• _DIRECTIONS_:
Transcribe every record verbatim.

• _SOURCE DATA_:
---
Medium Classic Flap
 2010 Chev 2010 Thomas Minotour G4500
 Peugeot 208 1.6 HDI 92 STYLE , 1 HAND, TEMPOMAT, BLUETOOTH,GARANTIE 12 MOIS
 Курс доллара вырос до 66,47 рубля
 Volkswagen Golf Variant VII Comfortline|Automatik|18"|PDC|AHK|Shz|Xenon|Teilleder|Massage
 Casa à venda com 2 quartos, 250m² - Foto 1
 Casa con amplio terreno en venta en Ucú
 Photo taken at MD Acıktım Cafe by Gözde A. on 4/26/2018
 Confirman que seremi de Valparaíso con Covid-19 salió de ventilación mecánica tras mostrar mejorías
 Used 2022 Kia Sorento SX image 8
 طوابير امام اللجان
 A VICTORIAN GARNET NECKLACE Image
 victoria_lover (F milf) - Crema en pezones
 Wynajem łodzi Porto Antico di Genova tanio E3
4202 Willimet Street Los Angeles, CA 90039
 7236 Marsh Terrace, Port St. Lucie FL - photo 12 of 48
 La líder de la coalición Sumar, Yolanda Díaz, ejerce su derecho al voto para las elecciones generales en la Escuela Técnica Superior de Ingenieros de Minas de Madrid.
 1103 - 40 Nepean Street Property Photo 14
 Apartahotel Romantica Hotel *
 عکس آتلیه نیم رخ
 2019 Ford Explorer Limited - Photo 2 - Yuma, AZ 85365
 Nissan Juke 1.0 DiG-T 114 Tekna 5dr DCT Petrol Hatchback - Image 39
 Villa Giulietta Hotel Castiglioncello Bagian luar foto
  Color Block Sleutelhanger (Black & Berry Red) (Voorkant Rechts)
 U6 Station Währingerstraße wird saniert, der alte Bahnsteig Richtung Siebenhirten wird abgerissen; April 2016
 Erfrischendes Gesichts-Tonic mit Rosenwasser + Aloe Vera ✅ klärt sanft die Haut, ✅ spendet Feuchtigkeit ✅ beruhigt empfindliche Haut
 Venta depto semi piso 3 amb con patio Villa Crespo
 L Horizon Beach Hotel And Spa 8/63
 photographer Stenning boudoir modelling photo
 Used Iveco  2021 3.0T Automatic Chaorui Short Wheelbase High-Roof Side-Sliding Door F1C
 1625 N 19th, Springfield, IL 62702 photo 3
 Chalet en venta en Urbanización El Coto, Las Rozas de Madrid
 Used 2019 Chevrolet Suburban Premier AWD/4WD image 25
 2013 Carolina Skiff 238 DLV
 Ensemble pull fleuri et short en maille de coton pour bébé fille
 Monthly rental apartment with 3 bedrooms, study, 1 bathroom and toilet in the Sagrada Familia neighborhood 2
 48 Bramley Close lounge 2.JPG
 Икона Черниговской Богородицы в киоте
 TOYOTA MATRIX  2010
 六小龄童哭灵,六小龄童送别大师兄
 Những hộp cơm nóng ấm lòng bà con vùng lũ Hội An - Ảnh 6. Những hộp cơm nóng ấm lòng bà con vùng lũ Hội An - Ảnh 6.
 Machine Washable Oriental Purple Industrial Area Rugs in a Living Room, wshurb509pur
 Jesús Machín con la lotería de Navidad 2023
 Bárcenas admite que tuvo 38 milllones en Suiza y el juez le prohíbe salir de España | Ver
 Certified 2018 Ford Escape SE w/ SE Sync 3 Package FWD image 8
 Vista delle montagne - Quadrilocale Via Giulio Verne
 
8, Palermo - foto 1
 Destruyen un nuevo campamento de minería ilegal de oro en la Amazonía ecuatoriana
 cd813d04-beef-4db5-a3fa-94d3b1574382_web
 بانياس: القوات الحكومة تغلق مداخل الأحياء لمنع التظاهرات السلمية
---
• _RESULT FOR THIS TASK_:
Medium Classic Flap
 2010 Chev 2010 Thomas Minotour G4500
 Peugeot 208 1.6 HDI 92 STYLE , 1 HAND, TEMPOMAT, BLUETOOTH,GARANTIE 12 MOIS
 Курс доллара вырос до 66,47 рубля
 Volkswagen Golf Variant VII Comfortline|Automatik|18"|PDC|AHK|Shz|Xenon|Teilleder|Massage
 Casa à venda com 2 quartos, 250m² - Foto 1
 Casa con amplio terreno en venta en Ucú
 Photo taken at MD Acıktım Cafe by Gözde A. on 4/26/2018
 Confirman que seremi de Valparaíso con Covid-19 salió de ventilación mecánica tras mostrar mejorías
 Used 2022 Kia Sorento SX image 8
 طوابير امام اللجان
 A VICTORIAN GARNET NECKLACE Image
 victoria_lover (F milf) - Crema en pezones
 Wynajem łodzi Porto Antico di Genova tanio E3
4202 Willimet Street Los Angeles, CA 90039
 7236 Marsh Terrace, Port St. Lucie FL - photo 12 of 48
 La líder de la coalición Sumar, Yolanda Díaz, ejerce su derecho al voto para las elecciones generales en la Escuela Técnica Superior de Ingenieros de Minas de Madrid.
 1103 - 40 Nepean Street Property Photo 14
 Apartahotel Romantica Hotel *
 عکس آتلیه نیم رخ
 2019 Ford Explorer Limited - Photo 2 - Yuma, AZ 85365
 Nissan Juke 1.0 DiG-T 114 Tekna 5dr DCT Petrol Hatchback - Image 39
 Villa Giulietta Hotel Castiglioncello Bagian luar foto
  Color Block Sleutelhanger (Black & Berry Red) (Voorkant Rechts)
 U6 Station Währingerstraße wird saniert, der alte Bahnsteig Richtung Siebenhirten wird abgerissen; April 2016
 Erfrischendes Gesichts-Tonic mit Rosenwasser + Aloe Vera ✅ klärt sanft die Haut, ✅ spendet Feuchtigkeit ✅ beruhigt empfindliche Haut
 Venta depto semi piso 3 amb con patio Villa Crespo
 L Horizon Beach Hotel And Spa 8/63
 photographer Stenning boudoir modelling photo
 Used Iveco  2021 3.0T Automatic Chaorui Short Wheelbase High-Roof Side-Sliding Door F1C
 1625 N 19th, Springfield, IL 62702 photo 3
 Chalet en venta en Urbanización El Coto, Las Rozas de Madrid
 Used 2019 Chevrolet Suburban Premier AWD/4WD image 25
 2013 Carolina Skiff 238 DLV
 Ensemble pull fleuri et short en maille de coton pour bébé fille
 Monthly rental apartment with 3 bedrooms, study, 1 bathroom and toilet in the Sagrada Familia neighborhood 2
 48 Bramley Close lounge 2.JPG
 Икона Черниговской Богородицы в киоте
 TOYOTA MATRIX  2010
 六小龄童哭灵,六小龄童送别大师兄
 Những hộp cơm nóng ấm lòng bà con vùng lũ Hội An - Ảnh 6. Những hộp cơm nóng ấm lòng bà con vùng lũ Hội An - Ảnh 6.
 Machine Washable Oriental Purple Industrial Area Rugs in a Living Room, wshurb509pur
 Jesús Machín con la lotería de Navidad 2023
 Bárcenas admite que tuvo 38 milllones en Suiza y el juez le prohíbe salir de España | Ver
 Certified 2018 Ford Escape SE w/ SE Sync 3 Package FWD image 8
 Vista delle montagne - Quadrilocale Via Giulio Verne
 
8, Palermo - foto 1
 Destruyen un nuevo campamento de minería ilegal de oro en la Amazonía ecuatoriana
 cd813d04-beef-4db5-a3fa-94d3b1574382_web
 بانياس: القوات الحكومة تغلق مداخل الأحياء لمنع التظاهرات السلمية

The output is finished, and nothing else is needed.